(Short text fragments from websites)
========================================================================

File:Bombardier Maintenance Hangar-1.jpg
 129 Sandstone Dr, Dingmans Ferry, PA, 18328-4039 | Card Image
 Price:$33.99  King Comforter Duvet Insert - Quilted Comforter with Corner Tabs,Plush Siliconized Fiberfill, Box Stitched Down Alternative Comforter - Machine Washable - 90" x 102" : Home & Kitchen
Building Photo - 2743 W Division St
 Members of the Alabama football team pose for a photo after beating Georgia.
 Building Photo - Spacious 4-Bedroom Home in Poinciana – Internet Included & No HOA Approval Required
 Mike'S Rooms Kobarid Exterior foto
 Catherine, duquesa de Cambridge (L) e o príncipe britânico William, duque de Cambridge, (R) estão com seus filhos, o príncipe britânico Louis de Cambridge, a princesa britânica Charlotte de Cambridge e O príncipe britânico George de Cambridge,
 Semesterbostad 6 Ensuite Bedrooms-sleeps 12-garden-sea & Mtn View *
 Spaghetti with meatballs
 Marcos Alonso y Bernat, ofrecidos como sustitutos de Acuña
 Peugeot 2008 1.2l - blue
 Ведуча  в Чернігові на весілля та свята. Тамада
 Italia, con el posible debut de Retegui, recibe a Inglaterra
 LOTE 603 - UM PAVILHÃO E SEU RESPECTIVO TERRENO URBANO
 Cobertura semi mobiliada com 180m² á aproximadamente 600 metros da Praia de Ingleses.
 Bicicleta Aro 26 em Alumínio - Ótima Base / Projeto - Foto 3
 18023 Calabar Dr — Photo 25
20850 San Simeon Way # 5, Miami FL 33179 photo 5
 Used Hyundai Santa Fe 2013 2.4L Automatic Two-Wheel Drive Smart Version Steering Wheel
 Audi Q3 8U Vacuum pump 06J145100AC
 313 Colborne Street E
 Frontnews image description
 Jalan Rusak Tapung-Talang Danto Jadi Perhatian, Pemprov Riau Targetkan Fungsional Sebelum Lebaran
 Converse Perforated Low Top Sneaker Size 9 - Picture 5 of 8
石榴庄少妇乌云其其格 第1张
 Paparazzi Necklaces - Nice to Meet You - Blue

========================================================================

What the exercise asks: Repeat the entries above exactly, from the first line through the line containing "Members of the".

Reply:
File:Bombardier Maintenance Hangar-1.jpg
 129 Sandstone Dr, Dingmans Ferry, PA, 18328-4039 | Card Image
 Price:$33.99  King Comforter Duvet Insert - Quilted Comforter with Corner Tabs,Plush Siliconized Fiberfill, Box Stitched Down Alternative Comforter - Machine Washable - 90" x 102" : Home & Kitchen
Building Photo - 2743 W Division St
 Members of the Alabama football team pose for a photo after beating Georgia.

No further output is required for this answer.